Еще трагичнее складывались судьбы не самих произведений, а многих их творцов.
Когда-то А. И. Герцен составил мартиролог (список мучеников) русской литературы, в который входили Рылеев, Пушкин, Лермонтов, А. А. Бестужев-Марлинский. Герцен утверждал несовместимость настоящей литературы и императорской власти. Не случайно его книга имела заглавие «О развитии революционных идей в России» (1850); литература, с его точки зрения, была главным элементом общественных изменений.
Вскоре после гибели Маяковского его товарищ, известный филолог Р. О. Якобсон (тот самый «Ромка Якобсон», который упоминается в стихотворении «Товарищу Нетте – пароходу и человеку»), словно продолжил мартиролог – уже XX века. «Расстрел Гумилева (1886–1921), длительная духовная агония, невыносимые физические мучения, конец Блока (1880–1921), жестокие лишения и в нечеловеческих страданиях смерть Хлебникова (1885–1922), обдуманные самоубийства Есенина (1895–1925) и Маяковского (1893–1930). Так в течение двадцатых годов века гибнут в возрасте от тридцати до сорока вдохновители поколения, и у каждого из них сознание обреченности…» – перечислял погибших поэтов Якобсон.
Объяснение трагедии было в статье поэтически-неопределенным: «Мы слишком порывисто и жадно рванулись к будущему, чтобы у нас осталось прошлое. Порвалась связь времен. Мы слишком жили будущим, думали о нем, верили в него, и больше нет для нас самодовлеющей злобы дня, мы растеряли чувство настоящего. Мы – свидетели и соучастники великих социальных, научных и прочих катаклизмов. Быт отстал. <…> Будущее, оно тоже не наше. Через несколько десятков лет мы будем жестко прозваны – люди прошлого тысячелетия» («О поколении, растратившем своих поэтов», май-июнь 1930).

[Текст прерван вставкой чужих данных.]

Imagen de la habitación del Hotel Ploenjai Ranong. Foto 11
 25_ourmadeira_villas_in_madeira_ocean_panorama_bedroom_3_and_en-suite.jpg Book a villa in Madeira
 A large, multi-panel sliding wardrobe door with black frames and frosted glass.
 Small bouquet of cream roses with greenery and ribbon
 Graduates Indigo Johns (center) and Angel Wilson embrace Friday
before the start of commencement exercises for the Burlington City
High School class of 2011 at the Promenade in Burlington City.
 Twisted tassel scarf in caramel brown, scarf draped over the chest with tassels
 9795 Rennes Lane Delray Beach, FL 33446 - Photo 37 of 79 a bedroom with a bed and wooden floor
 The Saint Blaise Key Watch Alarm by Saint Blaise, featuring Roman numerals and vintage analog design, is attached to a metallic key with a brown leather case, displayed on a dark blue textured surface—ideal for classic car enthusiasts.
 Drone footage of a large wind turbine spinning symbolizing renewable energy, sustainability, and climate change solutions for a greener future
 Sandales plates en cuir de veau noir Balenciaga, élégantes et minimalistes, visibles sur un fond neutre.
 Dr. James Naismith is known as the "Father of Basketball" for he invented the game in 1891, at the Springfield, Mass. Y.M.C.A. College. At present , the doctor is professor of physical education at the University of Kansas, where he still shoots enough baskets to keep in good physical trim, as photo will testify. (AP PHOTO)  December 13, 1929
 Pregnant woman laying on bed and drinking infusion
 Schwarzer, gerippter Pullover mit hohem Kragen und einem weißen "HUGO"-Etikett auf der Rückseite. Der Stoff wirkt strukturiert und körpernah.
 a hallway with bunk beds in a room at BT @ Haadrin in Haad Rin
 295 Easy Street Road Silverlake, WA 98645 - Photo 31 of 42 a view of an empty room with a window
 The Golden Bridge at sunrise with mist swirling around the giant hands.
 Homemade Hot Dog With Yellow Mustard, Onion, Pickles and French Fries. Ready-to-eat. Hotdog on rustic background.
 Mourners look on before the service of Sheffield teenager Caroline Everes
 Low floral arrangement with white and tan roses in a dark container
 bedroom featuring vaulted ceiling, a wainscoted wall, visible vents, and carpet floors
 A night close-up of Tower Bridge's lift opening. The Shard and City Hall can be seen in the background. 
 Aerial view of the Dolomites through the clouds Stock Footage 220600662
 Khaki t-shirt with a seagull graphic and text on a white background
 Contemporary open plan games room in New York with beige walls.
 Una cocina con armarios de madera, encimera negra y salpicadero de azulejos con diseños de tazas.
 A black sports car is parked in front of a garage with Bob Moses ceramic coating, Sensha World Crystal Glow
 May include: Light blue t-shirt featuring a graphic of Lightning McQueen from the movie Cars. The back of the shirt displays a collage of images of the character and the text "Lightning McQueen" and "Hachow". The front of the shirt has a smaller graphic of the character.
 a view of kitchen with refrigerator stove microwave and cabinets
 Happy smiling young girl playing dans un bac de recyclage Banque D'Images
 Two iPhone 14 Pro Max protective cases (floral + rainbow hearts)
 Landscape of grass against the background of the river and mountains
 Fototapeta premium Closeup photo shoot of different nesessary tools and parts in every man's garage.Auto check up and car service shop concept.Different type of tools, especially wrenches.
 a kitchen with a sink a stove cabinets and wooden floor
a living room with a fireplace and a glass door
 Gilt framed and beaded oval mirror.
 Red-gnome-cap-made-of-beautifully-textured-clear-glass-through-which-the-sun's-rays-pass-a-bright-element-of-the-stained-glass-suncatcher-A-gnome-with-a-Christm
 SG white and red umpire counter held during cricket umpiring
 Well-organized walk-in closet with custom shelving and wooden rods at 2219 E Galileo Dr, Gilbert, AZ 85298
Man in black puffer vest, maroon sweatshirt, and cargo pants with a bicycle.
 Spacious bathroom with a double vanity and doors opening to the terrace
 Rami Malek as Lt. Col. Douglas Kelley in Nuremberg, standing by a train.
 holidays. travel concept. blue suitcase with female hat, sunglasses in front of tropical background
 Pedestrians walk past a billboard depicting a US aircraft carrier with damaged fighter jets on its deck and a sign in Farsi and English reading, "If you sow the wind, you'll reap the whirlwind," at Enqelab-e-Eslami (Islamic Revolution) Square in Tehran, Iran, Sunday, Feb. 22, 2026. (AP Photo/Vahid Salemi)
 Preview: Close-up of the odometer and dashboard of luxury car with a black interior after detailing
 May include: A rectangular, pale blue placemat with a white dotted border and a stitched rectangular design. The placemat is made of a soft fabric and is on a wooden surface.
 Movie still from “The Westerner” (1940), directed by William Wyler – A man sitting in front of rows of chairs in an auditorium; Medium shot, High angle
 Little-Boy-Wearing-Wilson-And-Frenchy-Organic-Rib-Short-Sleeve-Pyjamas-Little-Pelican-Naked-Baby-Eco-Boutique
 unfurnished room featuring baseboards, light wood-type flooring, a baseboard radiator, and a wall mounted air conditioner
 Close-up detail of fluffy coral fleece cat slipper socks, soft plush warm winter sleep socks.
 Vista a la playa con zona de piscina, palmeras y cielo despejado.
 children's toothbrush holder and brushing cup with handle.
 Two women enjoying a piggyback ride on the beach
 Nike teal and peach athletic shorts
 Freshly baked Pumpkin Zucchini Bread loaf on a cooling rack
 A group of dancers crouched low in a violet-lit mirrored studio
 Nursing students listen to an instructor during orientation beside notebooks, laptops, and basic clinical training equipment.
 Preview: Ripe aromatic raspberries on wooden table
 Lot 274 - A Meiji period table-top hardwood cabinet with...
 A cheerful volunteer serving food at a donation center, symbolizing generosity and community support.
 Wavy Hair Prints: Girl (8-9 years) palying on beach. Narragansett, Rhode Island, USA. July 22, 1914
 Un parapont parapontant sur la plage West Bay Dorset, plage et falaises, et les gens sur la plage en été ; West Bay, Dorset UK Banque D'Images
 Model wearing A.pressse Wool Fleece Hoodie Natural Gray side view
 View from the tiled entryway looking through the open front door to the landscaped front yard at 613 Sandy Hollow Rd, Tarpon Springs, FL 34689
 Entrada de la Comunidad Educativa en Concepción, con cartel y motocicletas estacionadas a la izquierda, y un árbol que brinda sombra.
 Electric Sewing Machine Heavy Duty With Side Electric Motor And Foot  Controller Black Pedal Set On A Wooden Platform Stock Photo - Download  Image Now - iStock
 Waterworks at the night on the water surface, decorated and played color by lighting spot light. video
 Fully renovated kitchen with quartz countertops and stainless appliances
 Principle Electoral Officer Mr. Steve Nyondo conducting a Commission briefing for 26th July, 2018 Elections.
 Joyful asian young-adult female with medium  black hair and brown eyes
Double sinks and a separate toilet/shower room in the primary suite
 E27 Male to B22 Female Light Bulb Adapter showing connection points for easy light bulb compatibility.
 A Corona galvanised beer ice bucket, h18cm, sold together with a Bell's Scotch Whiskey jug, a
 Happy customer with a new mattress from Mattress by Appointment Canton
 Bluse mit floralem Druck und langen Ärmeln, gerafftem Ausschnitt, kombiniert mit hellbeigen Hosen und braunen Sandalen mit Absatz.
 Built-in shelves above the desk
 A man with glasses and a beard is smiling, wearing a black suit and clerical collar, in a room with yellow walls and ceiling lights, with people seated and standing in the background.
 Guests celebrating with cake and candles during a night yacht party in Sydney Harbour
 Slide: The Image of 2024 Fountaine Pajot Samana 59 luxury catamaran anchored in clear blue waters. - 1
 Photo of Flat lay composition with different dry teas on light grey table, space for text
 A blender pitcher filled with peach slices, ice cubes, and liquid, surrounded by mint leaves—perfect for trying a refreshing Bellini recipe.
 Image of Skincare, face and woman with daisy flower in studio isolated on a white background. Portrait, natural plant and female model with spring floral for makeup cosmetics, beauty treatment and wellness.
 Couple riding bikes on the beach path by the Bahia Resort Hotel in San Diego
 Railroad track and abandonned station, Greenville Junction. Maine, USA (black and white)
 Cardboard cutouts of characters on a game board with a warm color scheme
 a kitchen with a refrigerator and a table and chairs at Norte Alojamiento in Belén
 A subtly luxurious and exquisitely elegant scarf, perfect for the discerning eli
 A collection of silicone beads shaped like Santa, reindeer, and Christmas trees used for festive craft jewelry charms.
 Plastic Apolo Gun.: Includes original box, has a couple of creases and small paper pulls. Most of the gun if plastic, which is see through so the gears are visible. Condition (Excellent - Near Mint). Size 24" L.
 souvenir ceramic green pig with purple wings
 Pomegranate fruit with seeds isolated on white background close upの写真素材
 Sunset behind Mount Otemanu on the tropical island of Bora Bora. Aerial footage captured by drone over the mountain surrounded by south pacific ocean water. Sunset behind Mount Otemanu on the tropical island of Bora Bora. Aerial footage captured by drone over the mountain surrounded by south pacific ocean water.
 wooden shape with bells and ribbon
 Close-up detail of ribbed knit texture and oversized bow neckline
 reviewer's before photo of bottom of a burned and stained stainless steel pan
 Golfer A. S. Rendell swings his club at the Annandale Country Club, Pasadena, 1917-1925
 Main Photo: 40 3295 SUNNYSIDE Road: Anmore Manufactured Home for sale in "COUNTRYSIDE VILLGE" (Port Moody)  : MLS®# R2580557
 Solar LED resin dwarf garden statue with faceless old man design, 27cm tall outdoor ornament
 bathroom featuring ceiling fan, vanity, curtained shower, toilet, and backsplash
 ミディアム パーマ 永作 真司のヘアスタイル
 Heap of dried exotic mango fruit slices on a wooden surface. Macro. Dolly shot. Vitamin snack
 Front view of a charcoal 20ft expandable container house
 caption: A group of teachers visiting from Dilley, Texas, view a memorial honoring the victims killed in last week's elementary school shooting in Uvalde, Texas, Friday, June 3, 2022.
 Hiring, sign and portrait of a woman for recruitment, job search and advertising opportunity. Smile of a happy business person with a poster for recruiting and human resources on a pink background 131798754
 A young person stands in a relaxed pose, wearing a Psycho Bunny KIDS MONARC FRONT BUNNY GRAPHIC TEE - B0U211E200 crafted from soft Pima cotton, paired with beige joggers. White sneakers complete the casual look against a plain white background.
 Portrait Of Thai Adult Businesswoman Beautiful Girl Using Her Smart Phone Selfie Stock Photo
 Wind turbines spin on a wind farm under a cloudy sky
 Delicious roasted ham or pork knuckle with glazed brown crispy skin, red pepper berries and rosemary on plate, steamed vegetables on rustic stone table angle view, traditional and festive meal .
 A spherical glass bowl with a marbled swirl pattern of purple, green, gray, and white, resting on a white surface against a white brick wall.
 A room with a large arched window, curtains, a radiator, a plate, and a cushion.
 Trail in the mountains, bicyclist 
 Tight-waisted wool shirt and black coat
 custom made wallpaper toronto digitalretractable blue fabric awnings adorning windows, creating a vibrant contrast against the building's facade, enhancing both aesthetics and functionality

Однако, кроме быта, в гибели поэтов (в широком смысле, то есть литераторов вообще) были виновны вполне конкретные социальные обстоятельства: искажение исходной идеи справедливого общества, которая вдохновляла их в первые послереволюционные годы, или прямое насилие государства как месть за честное осознание обстоятельств, за их слово.
«Чего ты жалуешься, – говорил Мандельштам жене, – поэзию уважают только у нас – за нее убивают. Ведь больше нигде за поэзию не убивают…» (Н. Я. Мандельштам «Воспоминания»)
«Растрата» поэтов продолжилась в последующие десятилетия: арест, расстрел или гибель в лагере самого Мандельштама, И. Э. Бабеля, П. Н. Васильева, Н. А. Клюева, пролетарских поэтов и литераторов из «Перевала», самоубийство М. И. Цветаевой, лагерные сроки В. Т. Шаламова и А. И. Солженицына.
Размышляя о состоянии советской литературы, русский философ-эмигрант Ф. А. Степун утверждал: «Нет никаких сомнений, советская литература (поскольку она действительно литература, а не макулатура) и советский строй (поскольку он не жизнь в Советской России, а проводимый мир идей), как бы они временно ни уживались в одной берлоге, по существу непримиримые враги» («Мысли о России», очерк 6, 1925).
Степун оказался прав: настоящая литература и советская власть постоянно обнаруживали свою несовместимость, хотя многое в этой литературе было вызвано революцией и идеями Октября. В противостоянии жестокому веку и осмыслении его рождалась великая литература XX века, достойное продолжение века девятнадцатого.